Some best practices:

  1. Only catch exceptions if you are going to do something with it
  2. Catch specific exceptions
  3. Use try-catch on the smallest code fragments possible
  4. Layers should handle exceptions raised by layers below them, without exposing the specific implementation of the other layer. Catch, log, re-raise a more generic error.

Purposes of logging:

  1. Track errors
  2. Gather data

9. Design patterns

A collection of general, reusable solutions to common software design problems. Popularised in the book “Design patterns: elements of reusable object-oriented software”.

  • The factory pattern: Creating objects without specifying the exact class of the object. Avoids strong coupling between classes. Create an interface, then a factory method returns an instance of a class which implements that interface. If the implementation needs to change, we only need to change the factory method.
  • The repository pattern: Modules which don’t work with the data store should be oblivious to the type of data store. This is similar to the concept of the Data Access Layer. Layers are for architects, design patterns are for developers. They both seek to solve the same issue.
  • The facade pattern: Creating a layer of abstraction to mask complex actions. The facade does not create any new functionality, it is just a wrapper integrating existing modular functions together.
  • The command pattern: All the action’s information is encapsulated within an object.

10. System architecture

The architecture design is the big picture that should answer the following:

  • How will the system work under heavy load?
  • What will happen if the system crashes at a critical moment?
  • How complicated is it to update?

The architecture should:

  1. Define components
  2. Define how components communicate
  3. Define the system’s quality attributes

Make the correct choice as early as possible

10.1. Loose coupling

Ensuring the services are not strongly tied to other services. Avoid the “spiderweb” - when the graph of connections between services is densely connected.

Prevents coupling of platforms and URLs.

To avoid URL coupling between services, two options are:

  • “Yellow pages” directory
  • Gateway

The “yellow pages” contains a directory of all service URLs. If service A wants to query service D, A queries the yellow pages for D’s URL, then uses that URL to query D. This means that service A does not hardcode any information about service D. If D’s URLs change, then only the yellow pages need to be updated. Services only need to know the yellow pages directory’s URL.

The gateway acts as a middleman. It holds a mapping table of all URLs Service A queries the gateway, which in turn queries service E. Service A doesn’t need to know about E or any other services. Services only need to know the gateway’s URL.

10.2. Stateless

The application’s state is stored in only 2 places:

  1. The data store
  2. The user interface

Stateless architecture is preferred in virtually all circumstances.

In a stateful architecture, when a user logs in, the login service retrieves the user details from the database and stored them for future use. Data is stored in code.

If the login request was routed to server A, the user’s details are stored there. If the user later tried to add itemsto the cart and their cart service request is routed to server B, then their user details will not exist as those are stored on server A.

Disadvantages of stateful:

  • Lack of scalability
  • Lack of redundancy

In a stateless architecture, no data is stored in the service itself. This means the behaviour will be the same regardless of which server a request was routed to.

10.3. Caching

Caches store data locally to avoid retrieving the same data from the database multiple times. It trades reliability of data (it is stored in volatile memory) for improved performance.

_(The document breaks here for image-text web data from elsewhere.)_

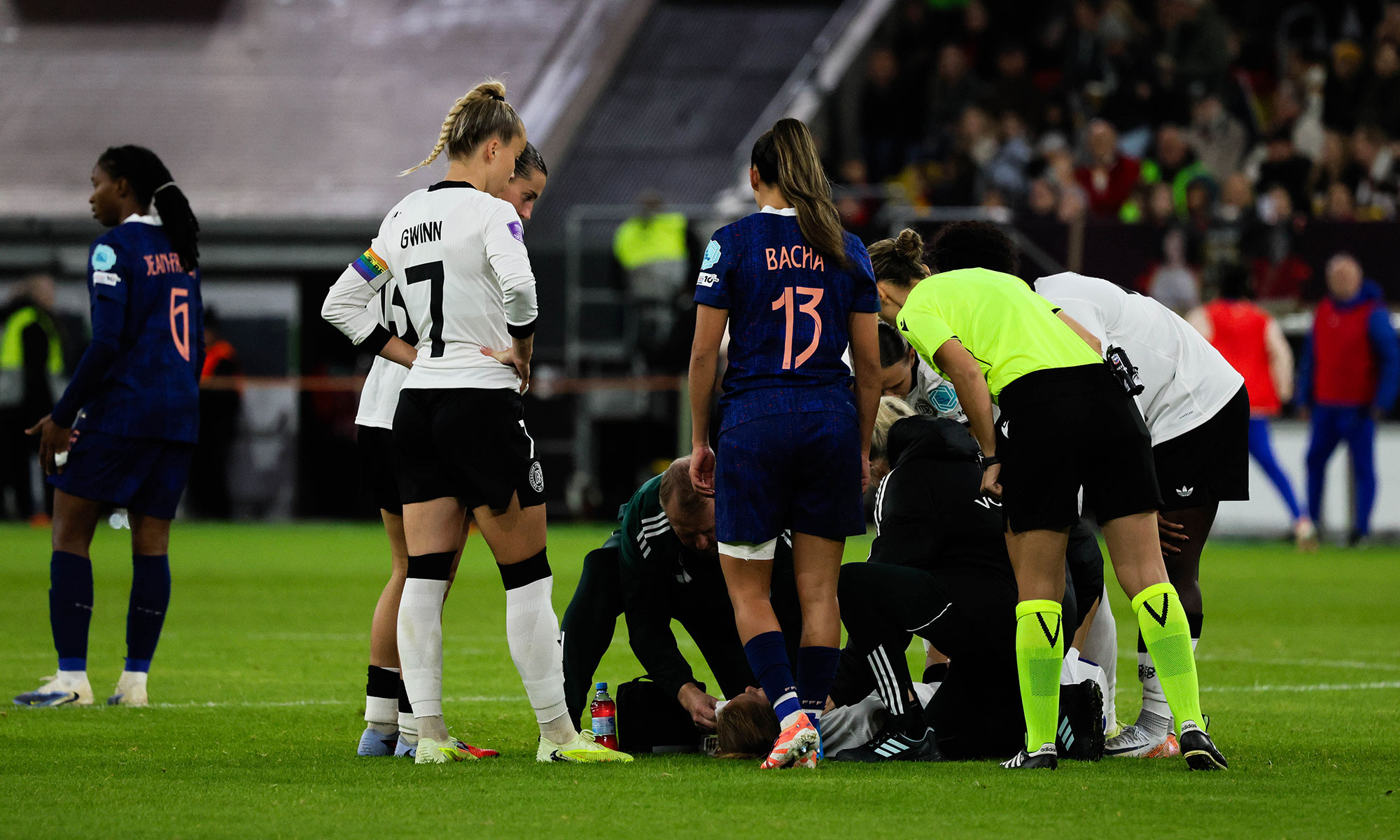 DFB-Frauen gegen Frankreich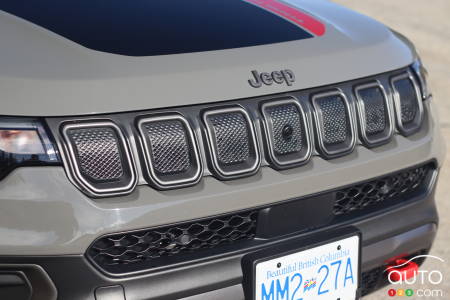 2022Jeep Compass Trailhawk, front grille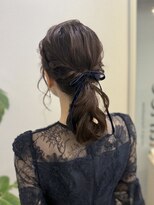 マーリー(marlee)&nbsp;ゆるふわポニーテールアレンジ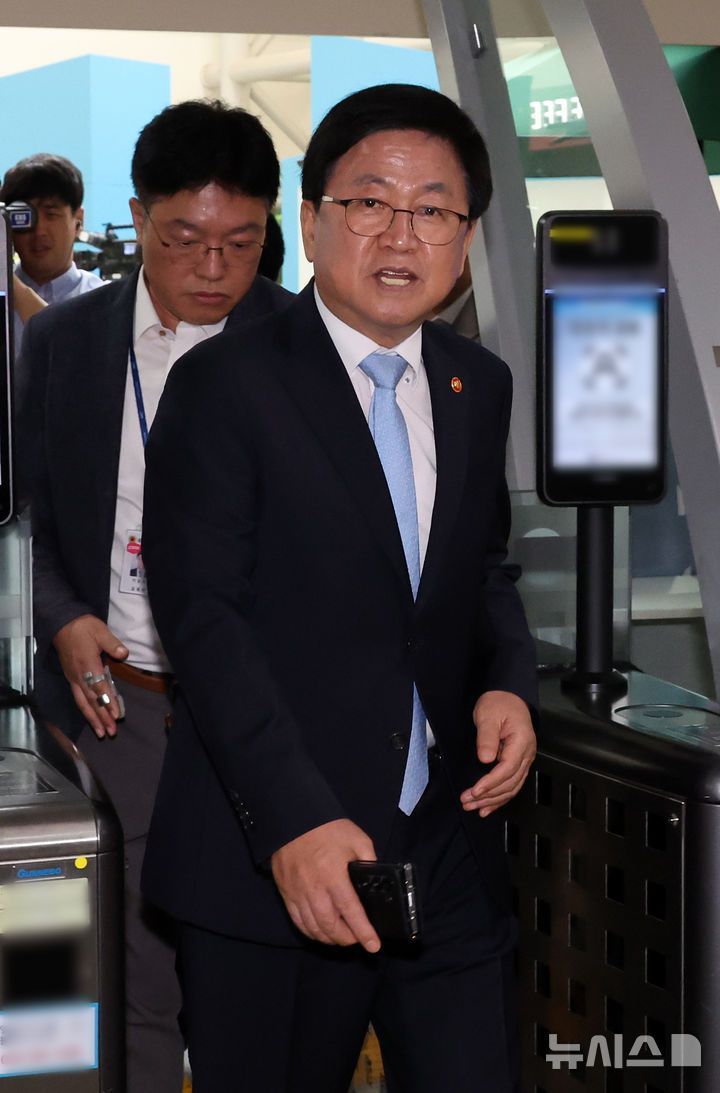 [세종=뉴시스] 강종민 기자 = 최교진 부총리 겸 교육부 장관이 12일 세종시 정부세종청사에 도착, 집무실로 향하고 있다. 2025.09.12. ppkjm@newsis.com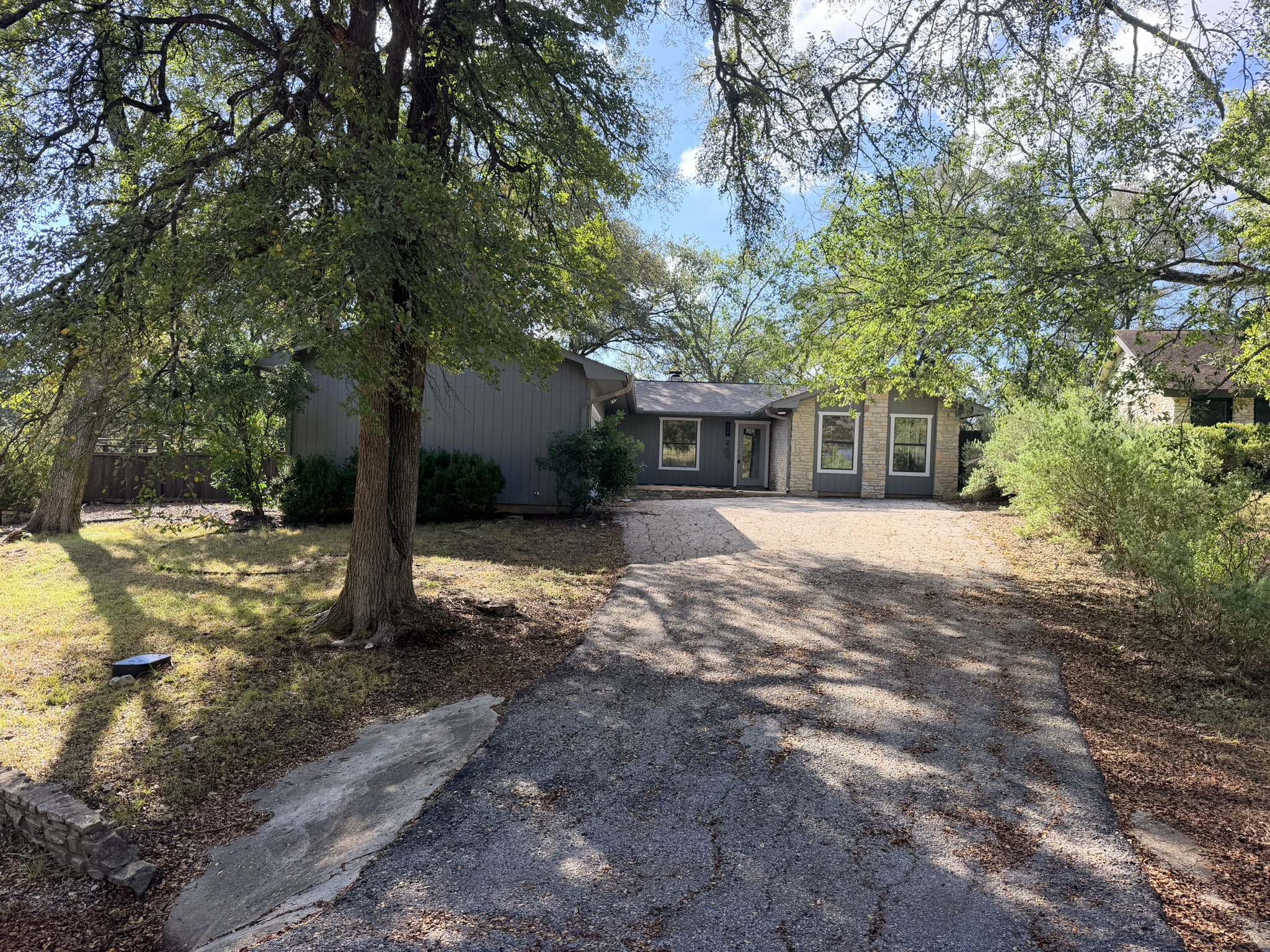 2 Acacia Dr — photo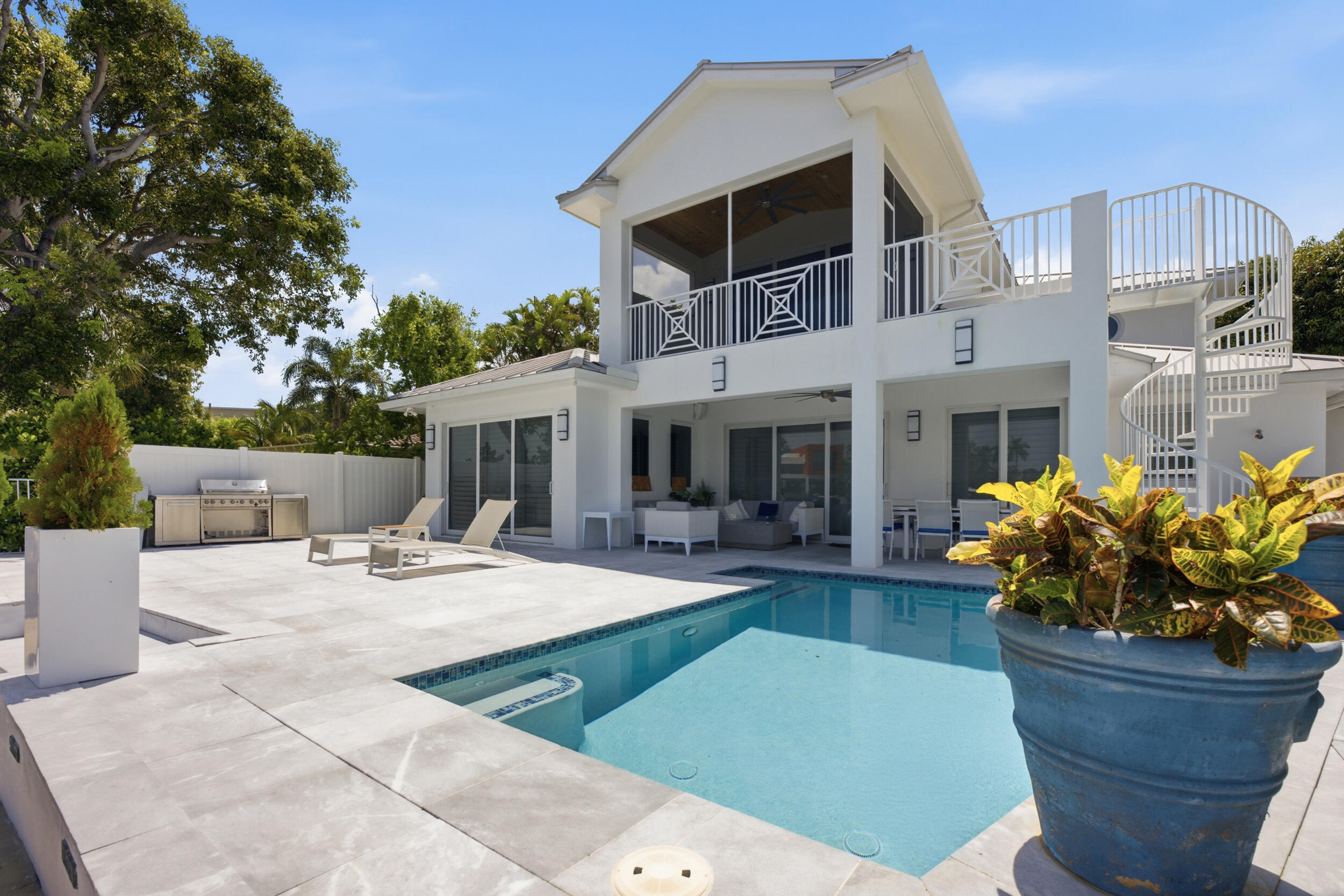 2009 NE 21ST, Fort Lauderdale FL 33305
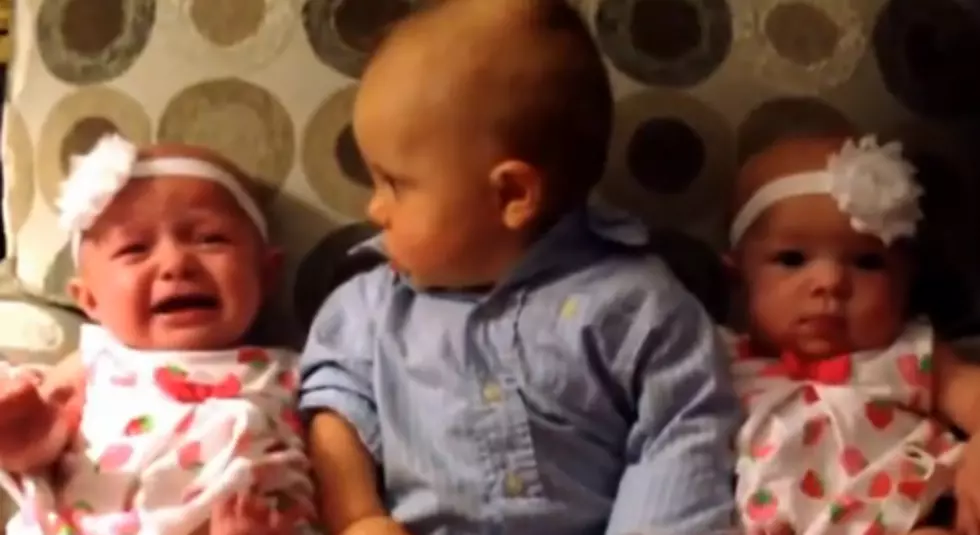 Toddler Sitting Between Two Twin Babies Gets Confused, Priceless [VIDEO]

A cache should store data that is frequently accessed and rarely modified.

Two types of cache:

  • In-memory cache - Cache stored in memory on a single service
    • Pros:
      • Best performance
      • Can store any objects
      • Easy to use
    • Cons:
      • Size is limited by the process’s memory
      • Can grow stale/inconsistent if the service is scaled out to multiple servers
  • Distributed cache - Cache is independent of the services and can be accessed by all servers
    • Pros:
      • Supports scaled out servers
      • Failover capabilities
      • Storage is unlimited
    • Cons:
      • Setup is more complex
      • Often only support primitive data types
      • Worse performance than in-memory cache

10.4. Messaging

Messaging methods can be evaluated on these criteria:

  • Performance
  • Message size
  • Execution model
  • Feedback (handshaking) and reliability
  • Complexity

Messaging methods include:

  • REST API
  • HTTP Push
  • Queue
  • File-based and database-based methods

REST API

Universal standard for HTTP-based systems.

Useful for traditional web apps.

Criteria Evaluation
Performance Very fast
Message size Same as HTTP protocol limitations - GET 8KB, POST ~10MB
Execution model Request/response - ideal for quick, short actions
Feedback Immediate feedback via response codes
Complexity Extremely easy

HTTP Push

A client subscribes to the service waiting for an event. When that event occurs, the server notifies the client.

For real-time messaging, these often use web sockets to maintain the subscription connection, rather than a traditional request/response model.

Useful for chat or monitoring.

Criteria Evaluation
Performance Very fast
Message size Limited, few KB
Execution model Web socket connection / long polling
Feedback None (fire and forget)
Complexity Extremely easy

Queue

The queue sits between two (or more) services. If service A wants to send a message to service B, A places the message in the queue and B periodically pulls from the queue.

This ensures messages will be handled exactly once and in the order received.

Useful for complex systems with lots of data, when order and reliability are important.

Criteria Evaluation
Performance Slow - push/poll time and database persistence
Message size Unlimited but best practice to use small messages
Execution model Polling
Feedback Very reliable but feedback depends on the monitoring in place to ensure messages make it to the queue and get executed
Complexity Requires training and setup to maintain a queue engine

File-based and DB-based

Similar to queue, but rather han placing messages in a queue it places them in a file directory or database. There is no guarantee that messages are processed once and only once.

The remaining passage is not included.